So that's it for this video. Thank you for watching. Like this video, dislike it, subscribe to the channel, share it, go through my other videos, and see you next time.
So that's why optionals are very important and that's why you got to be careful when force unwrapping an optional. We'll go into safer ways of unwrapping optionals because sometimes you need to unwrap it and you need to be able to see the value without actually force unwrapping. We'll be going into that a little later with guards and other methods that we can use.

────────────────────

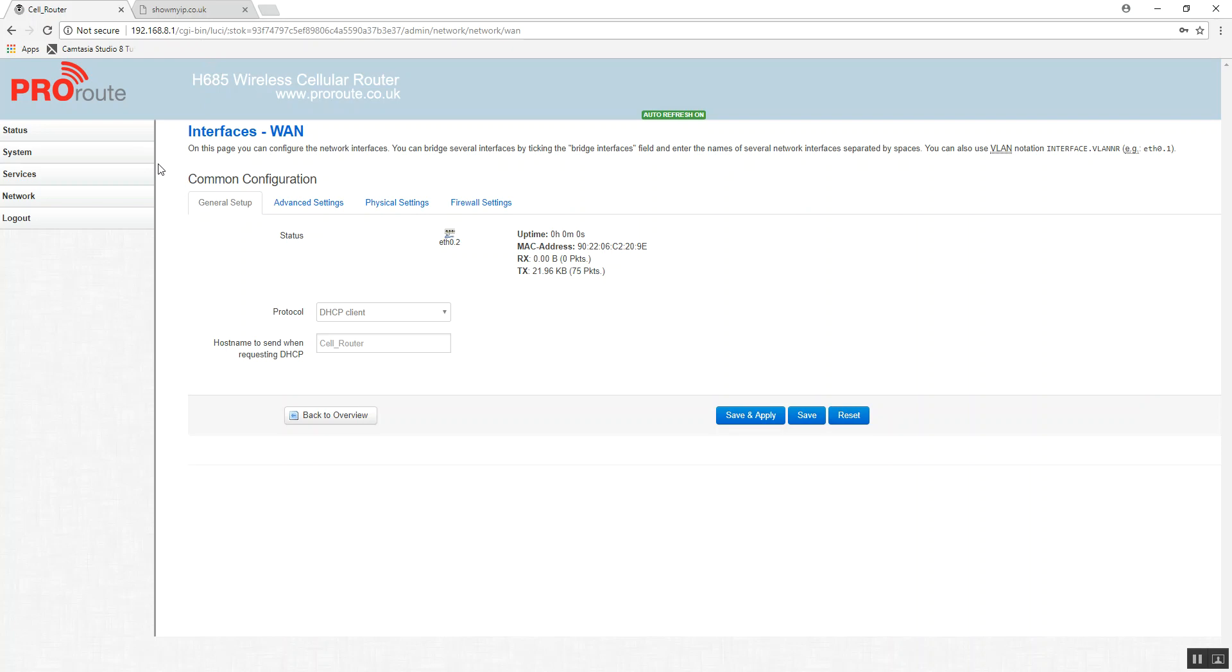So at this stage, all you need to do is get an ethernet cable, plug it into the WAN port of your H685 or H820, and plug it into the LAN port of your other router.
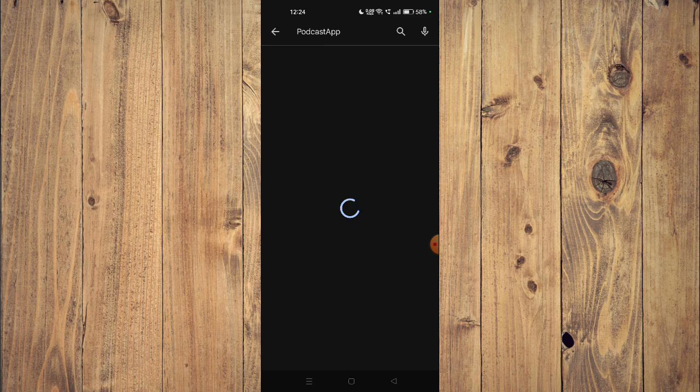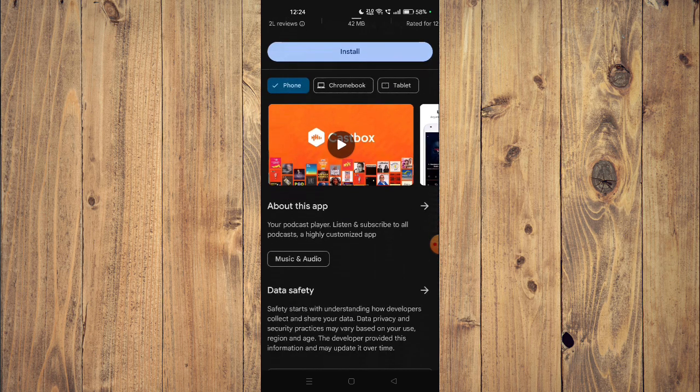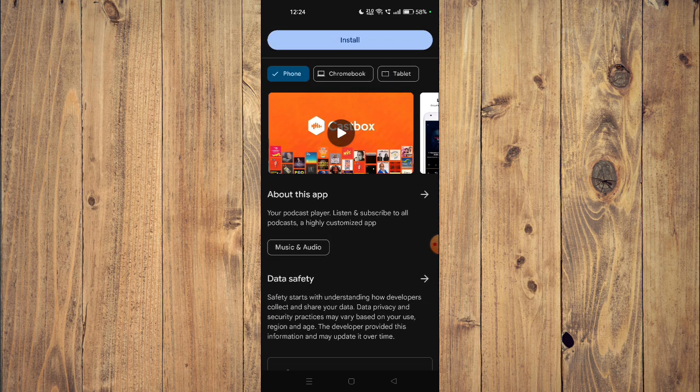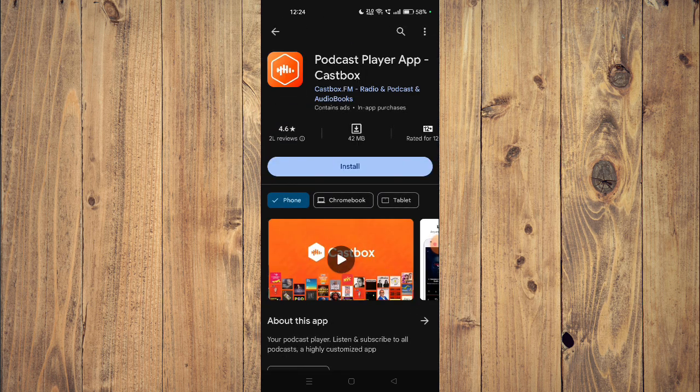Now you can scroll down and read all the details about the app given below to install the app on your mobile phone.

────────────────────

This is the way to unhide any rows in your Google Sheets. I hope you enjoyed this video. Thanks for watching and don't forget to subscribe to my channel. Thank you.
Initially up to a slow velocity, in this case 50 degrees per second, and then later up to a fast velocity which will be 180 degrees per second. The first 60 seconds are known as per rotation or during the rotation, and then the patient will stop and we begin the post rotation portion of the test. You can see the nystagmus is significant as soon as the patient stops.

────────────────────

*Problem*
Look through the entries and copy every line in which the string "watching" appears.

*Output for this task*
So that's it for this video. Thank you for watching. Like this video, dislike it, subscribe to the channel, share it, go through my other videos, and see you next time.
This is the way to unhide any rows in your Google Sheets. I hope you enjoyed this video. Thanks for watching and don't forget to subscribe to my channel. Thank you.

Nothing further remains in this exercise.